**ABOUT THIS EXERCISE**
From the first line of the records down to the one that holds "Image showing Female", transcribe each line exactly and add nothing.

**SUPPLIED DATA**
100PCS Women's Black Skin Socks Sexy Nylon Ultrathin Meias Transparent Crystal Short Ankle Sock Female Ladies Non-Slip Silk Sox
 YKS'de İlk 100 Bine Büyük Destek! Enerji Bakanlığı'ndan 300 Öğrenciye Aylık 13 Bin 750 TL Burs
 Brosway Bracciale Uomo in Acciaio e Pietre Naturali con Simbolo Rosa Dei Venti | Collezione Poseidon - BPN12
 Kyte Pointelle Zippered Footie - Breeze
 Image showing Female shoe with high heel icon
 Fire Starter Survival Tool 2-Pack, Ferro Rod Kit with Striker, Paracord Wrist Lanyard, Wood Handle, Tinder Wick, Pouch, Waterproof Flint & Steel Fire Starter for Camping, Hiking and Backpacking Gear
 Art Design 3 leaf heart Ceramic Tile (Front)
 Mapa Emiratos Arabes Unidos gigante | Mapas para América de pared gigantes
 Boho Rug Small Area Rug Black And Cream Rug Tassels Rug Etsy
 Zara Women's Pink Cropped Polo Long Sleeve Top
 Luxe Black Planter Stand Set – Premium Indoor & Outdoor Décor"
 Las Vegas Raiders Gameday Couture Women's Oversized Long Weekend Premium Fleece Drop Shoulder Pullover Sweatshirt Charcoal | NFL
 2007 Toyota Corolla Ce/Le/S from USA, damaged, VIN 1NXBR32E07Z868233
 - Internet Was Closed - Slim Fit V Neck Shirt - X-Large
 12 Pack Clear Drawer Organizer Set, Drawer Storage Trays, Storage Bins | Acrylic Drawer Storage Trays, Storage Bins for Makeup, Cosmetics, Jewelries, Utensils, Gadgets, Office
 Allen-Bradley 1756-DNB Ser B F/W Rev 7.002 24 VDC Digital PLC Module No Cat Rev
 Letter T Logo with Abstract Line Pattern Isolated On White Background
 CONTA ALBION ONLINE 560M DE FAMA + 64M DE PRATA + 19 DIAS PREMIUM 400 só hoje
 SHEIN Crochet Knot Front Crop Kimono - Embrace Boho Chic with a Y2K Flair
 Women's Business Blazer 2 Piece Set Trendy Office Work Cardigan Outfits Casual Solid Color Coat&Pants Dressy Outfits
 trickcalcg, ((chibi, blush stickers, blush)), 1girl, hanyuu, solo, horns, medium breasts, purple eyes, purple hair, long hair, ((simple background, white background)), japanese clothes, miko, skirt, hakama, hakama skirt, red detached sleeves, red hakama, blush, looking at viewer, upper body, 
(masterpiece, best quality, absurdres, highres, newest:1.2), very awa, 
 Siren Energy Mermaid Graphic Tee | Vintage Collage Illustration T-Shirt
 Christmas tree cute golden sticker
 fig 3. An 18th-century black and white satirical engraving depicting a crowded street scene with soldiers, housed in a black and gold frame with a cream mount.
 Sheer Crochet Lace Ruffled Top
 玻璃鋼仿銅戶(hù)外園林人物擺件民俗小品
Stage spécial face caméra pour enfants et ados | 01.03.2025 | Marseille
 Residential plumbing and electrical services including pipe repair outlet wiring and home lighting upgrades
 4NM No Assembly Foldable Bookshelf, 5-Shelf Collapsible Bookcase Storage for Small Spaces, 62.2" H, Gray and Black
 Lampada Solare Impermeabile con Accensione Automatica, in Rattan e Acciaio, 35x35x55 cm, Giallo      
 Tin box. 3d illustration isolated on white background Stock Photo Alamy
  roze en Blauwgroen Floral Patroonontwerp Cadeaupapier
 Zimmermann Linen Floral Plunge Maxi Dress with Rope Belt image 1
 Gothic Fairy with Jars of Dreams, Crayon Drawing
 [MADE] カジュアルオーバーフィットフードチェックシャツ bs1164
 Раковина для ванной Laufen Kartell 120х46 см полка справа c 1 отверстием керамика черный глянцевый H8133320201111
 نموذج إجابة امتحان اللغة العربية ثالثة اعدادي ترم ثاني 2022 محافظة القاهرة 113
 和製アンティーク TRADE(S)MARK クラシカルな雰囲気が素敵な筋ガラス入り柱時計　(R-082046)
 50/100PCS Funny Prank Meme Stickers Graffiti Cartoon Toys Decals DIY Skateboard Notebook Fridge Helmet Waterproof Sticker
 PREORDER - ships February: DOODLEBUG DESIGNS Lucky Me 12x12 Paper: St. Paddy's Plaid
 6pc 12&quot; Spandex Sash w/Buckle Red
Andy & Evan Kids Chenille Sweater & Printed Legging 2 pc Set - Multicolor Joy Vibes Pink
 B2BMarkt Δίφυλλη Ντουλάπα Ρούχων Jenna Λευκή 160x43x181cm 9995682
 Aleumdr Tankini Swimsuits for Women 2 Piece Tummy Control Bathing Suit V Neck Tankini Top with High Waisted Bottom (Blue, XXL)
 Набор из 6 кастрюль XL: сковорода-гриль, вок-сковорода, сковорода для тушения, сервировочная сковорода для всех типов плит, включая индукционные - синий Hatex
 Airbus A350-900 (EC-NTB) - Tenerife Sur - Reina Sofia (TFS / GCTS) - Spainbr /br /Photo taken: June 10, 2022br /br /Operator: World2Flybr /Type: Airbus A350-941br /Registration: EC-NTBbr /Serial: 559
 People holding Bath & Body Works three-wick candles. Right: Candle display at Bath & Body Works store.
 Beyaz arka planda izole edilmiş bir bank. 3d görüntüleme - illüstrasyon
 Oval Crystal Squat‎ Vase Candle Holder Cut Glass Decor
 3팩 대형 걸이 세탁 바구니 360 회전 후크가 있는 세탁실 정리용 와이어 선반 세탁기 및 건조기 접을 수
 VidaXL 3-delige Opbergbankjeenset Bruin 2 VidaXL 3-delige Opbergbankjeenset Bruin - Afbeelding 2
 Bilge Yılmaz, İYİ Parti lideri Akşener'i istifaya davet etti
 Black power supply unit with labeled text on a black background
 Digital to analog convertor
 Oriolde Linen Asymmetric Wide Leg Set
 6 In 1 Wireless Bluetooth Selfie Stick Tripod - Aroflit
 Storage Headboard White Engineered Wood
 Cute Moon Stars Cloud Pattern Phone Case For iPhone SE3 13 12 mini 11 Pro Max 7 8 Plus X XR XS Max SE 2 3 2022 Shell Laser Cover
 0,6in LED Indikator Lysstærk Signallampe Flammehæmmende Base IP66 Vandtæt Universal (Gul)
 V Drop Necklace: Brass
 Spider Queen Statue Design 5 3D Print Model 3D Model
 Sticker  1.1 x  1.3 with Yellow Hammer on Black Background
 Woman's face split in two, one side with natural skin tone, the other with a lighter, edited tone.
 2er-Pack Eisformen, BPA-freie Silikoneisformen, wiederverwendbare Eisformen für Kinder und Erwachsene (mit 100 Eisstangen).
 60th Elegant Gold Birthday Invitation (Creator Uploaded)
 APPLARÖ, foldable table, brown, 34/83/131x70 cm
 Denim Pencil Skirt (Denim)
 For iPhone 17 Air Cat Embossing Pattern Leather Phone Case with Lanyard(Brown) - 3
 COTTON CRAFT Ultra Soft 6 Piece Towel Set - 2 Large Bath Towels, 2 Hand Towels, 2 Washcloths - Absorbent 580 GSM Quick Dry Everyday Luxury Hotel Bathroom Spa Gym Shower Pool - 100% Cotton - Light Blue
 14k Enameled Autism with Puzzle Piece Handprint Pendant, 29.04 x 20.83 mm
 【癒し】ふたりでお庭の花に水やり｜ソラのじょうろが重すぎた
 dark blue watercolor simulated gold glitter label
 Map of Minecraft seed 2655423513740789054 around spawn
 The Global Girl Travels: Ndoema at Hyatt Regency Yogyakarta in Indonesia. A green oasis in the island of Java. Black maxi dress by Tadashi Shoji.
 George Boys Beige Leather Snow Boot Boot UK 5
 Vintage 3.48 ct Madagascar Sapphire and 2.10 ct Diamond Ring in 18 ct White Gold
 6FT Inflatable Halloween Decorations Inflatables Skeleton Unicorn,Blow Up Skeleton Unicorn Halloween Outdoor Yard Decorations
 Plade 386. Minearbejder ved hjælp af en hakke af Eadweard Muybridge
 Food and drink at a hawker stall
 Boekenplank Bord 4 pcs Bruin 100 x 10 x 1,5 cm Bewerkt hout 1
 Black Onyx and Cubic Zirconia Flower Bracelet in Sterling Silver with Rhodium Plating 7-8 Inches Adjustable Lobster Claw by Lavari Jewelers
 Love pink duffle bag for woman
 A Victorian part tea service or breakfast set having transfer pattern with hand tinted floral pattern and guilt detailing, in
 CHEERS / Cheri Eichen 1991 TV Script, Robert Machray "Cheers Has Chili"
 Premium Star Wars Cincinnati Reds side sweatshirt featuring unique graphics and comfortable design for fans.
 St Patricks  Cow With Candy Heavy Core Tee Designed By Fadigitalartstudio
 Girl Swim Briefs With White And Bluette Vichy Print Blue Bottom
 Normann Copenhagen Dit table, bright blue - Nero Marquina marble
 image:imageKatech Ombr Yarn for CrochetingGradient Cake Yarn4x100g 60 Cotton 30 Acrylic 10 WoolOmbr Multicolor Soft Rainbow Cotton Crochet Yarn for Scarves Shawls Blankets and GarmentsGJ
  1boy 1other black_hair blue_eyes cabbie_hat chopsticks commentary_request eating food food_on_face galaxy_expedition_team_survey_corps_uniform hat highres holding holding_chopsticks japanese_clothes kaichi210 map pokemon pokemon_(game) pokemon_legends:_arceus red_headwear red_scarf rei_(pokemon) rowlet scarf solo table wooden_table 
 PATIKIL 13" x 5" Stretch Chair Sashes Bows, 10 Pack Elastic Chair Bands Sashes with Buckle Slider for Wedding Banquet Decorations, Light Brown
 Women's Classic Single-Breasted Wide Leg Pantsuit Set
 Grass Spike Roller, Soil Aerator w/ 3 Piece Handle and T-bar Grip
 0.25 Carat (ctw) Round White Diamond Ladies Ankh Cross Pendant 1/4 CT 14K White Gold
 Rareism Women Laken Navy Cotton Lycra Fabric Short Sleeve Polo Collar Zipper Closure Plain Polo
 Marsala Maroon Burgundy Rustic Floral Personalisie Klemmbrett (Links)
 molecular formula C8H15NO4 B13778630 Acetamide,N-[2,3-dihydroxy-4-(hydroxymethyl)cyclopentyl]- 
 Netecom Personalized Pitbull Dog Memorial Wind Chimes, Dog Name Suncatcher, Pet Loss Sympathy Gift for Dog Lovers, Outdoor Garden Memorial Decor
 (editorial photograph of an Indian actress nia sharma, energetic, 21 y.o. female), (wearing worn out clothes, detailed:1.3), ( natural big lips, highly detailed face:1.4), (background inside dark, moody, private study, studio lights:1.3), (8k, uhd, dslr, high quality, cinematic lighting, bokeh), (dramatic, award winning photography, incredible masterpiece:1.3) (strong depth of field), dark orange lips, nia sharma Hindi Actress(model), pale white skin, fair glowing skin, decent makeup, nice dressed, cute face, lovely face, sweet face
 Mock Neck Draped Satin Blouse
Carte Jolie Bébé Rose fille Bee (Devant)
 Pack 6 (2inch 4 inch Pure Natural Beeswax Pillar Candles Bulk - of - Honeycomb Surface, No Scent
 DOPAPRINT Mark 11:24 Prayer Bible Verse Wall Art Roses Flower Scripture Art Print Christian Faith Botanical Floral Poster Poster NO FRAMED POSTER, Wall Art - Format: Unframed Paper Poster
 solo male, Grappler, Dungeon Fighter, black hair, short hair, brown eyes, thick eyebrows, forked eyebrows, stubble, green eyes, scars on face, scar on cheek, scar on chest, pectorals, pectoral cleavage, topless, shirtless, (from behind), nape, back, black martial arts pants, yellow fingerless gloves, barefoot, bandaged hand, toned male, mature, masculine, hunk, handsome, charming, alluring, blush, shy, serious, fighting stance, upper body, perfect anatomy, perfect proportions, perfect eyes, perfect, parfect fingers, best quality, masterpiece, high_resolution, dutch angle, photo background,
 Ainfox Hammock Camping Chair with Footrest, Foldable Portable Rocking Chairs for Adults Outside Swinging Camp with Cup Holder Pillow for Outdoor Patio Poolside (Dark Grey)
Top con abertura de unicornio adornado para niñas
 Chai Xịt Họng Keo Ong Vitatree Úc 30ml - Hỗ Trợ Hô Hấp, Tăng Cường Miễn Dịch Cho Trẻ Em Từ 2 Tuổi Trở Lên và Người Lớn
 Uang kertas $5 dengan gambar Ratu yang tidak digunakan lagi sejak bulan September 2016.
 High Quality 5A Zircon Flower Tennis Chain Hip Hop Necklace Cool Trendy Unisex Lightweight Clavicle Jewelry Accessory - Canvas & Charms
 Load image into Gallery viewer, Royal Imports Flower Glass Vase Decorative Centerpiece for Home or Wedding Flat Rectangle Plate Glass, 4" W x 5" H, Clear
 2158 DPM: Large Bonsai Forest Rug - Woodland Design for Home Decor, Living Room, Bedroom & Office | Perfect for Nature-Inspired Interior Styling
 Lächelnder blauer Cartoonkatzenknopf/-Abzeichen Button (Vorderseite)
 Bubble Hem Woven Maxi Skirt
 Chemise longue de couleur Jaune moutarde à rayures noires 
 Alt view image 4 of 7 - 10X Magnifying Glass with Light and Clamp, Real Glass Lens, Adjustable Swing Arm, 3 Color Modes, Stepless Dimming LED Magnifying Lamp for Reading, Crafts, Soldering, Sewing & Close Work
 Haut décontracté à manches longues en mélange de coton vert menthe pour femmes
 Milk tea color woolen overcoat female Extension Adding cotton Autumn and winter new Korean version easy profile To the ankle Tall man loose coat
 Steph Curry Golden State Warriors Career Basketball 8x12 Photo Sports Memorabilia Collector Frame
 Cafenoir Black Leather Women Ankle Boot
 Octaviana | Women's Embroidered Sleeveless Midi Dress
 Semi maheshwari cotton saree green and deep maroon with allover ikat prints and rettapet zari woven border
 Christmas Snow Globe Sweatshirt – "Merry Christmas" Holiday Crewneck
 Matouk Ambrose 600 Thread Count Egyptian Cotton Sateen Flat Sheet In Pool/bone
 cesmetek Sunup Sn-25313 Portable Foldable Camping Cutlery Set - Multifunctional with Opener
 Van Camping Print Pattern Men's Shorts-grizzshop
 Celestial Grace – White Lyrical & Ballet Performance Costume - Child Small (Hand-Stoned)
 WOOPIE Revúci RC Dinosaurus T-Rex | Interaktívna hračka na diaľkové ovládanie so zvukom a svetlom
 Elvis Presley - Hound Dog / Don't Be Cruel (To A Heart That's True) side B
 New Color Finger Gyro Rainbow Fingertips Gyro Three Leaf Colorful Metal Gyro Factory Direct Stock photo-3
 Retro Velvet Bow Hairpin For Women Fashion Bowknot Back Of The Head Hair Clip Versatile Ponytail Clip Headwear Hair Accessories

**REPLY TO THE TASK**
100PCS Women's Black Skin Socks Sexy Nylon Ultrathin Meias Transparent Crystal Short Ankle Sock Female Ladies Non-Slip Silk Sox
 YKS'de İlk 100 Bine Büyük Destek! Enerji Bakanlığı'ndan 300 Öğrenciye Aylık 13 Bin 750 TL Burs
 Brosway Bracciale Uomo in Acciaio e Pietre Naturali con Simbolo Rosa Dei Venti | Collezione Poseidon - BPN12
 Kyte Pointelle Zippered Footie - Breeze
 Image showing Female shoe with high heel icon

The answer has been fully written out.